Lakewood, CO — On December 27, 2021, Ashley Ferris’ life changed forever. That was the day the Lakewood Police agent confronted and stopped a gunman who had already killed five people across Denver and Lakewood.
Ferris has previously shared details of that harrowing night — but in interviews with outlets like 9NEWS and CBS News Colorado, she also revealed a deeply personal truth she hadn’t publicly spoken about before: she was planning to end her life that very evening.
“I needed a moment that would shake me and wake me, and that's what I got,” Ferris told 9NEWS.
At the time, she was struggling behind the scenes.
“I was struggling with hypervigilance and stress, and I needed to be getting mental health help that I wasn't getting,” she said. “It was my first Christmas alone after going through divorce.
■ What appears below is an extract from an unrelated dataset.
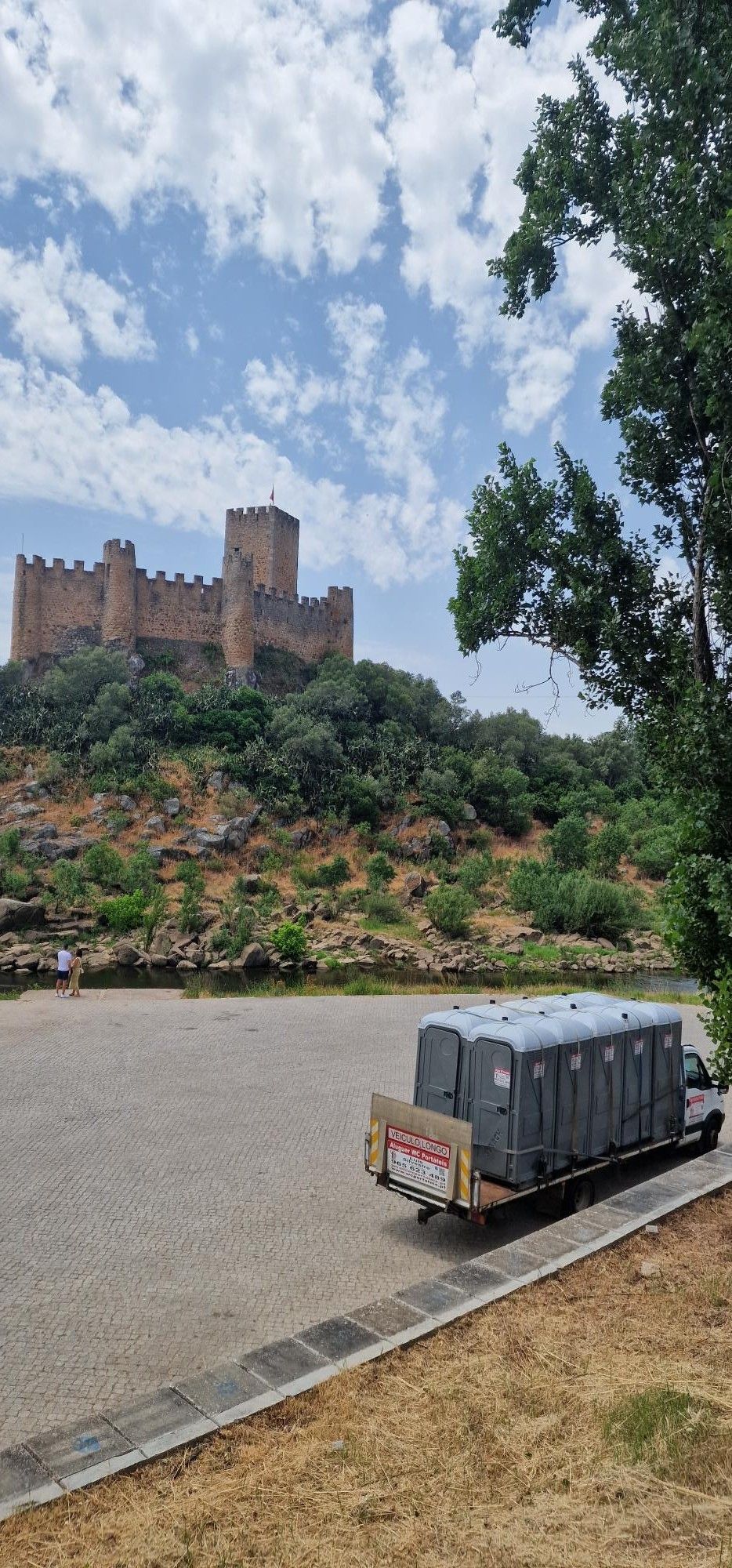 Camião carregado de WC portáteis junto ao Castelo de Almourol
I was really miserable. I was feeling very alone.”
She had picked up a lot of overtime that month — and only happened to be working that day because of it.
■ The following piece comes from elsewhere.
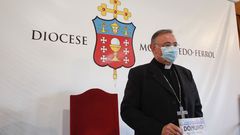 Luis �ngeld e las Heras compareci� esta ma�ana ante los medios para anunciar que deja la di�cesis ferrolana y se marcha a Le�n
“I went and I parked in the spot that I always park, it was a church parking lot,” she recalled to 9NEWS. “I just remember, and I sat there and I just started a spiral and I was crying and I was texting someone saying, ‘I just can't do this anymore.’”
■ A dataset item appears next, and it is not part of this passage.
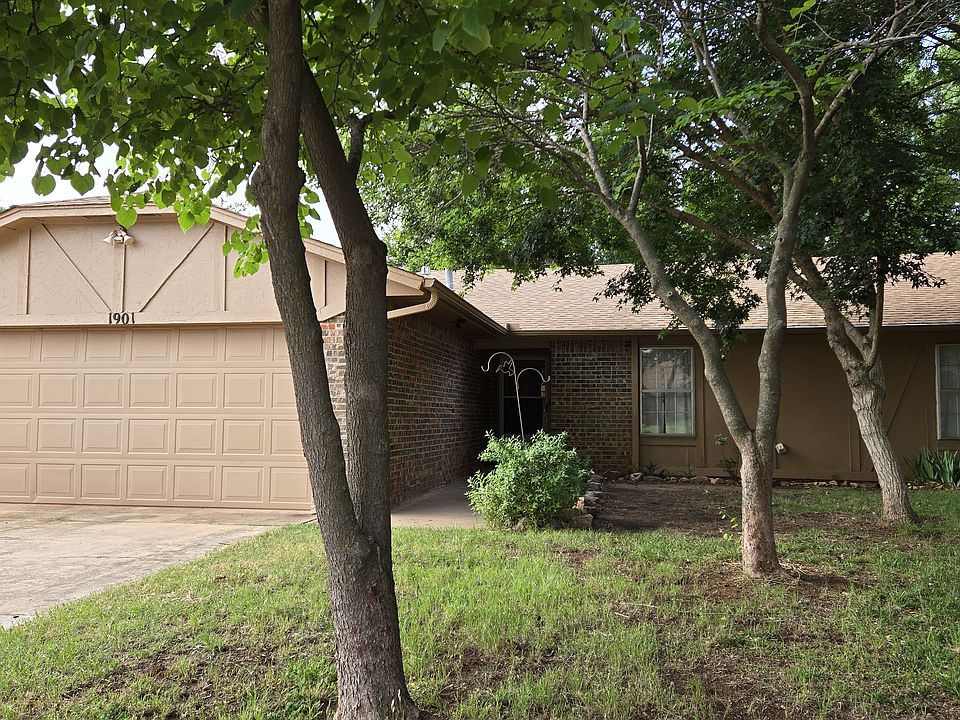 1st image of 1901 Oakcreek Dr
That person replied with the questions Ferris herself had been trained to ask in crisis situations: Are you planning on hurting yourself? Are you planning on killing yourself?
“I didn’t respond,” Ferris admitted. “I navigated around it. And the truth was I was going to kill myself. I was gonna go home that night after work and use my off-duty gun and take my own life.”
But then, the call came in.
As CBS News Colorado reported, Ferris was among the first officers to respond to the gunman near Belmar shopping center. When she confronted him, he shot her in the abdomen. From the ground — wounded but conscious — Ferris returned fire and killed the shooter.
“To see them run into a scene that they still believed to be active with an active gunman — they run in and they grab me and they save me,” she told 9NEWS. “I wasn’t gonna give up the fight for my life after that, no way.”
The experience altered the course of her life.
“That’s so sad to me that I almost wasn’t there,” Ferris reflected. “We never know when our moment's going to come and to take yourself out of the picture before you even have a chance, you just don't know down the road what's coming for you. To take yourself out of the game before you have a chance to fulfill your life's meaning — that’s a tragedy.”
Today, Ferris is no longer working on the street but continues to serve others.
“I now work for the University of Tennessee under their Institute for Public Service,” she said.
She hopes that by sharing what she went through — both physically and mentally — others will feel less alone in their own struggles.
“I can't help the community in the same way,” Ferris said. “But I can be vulnerable. Because the problem is — we're all struggling, and we're not saying it.”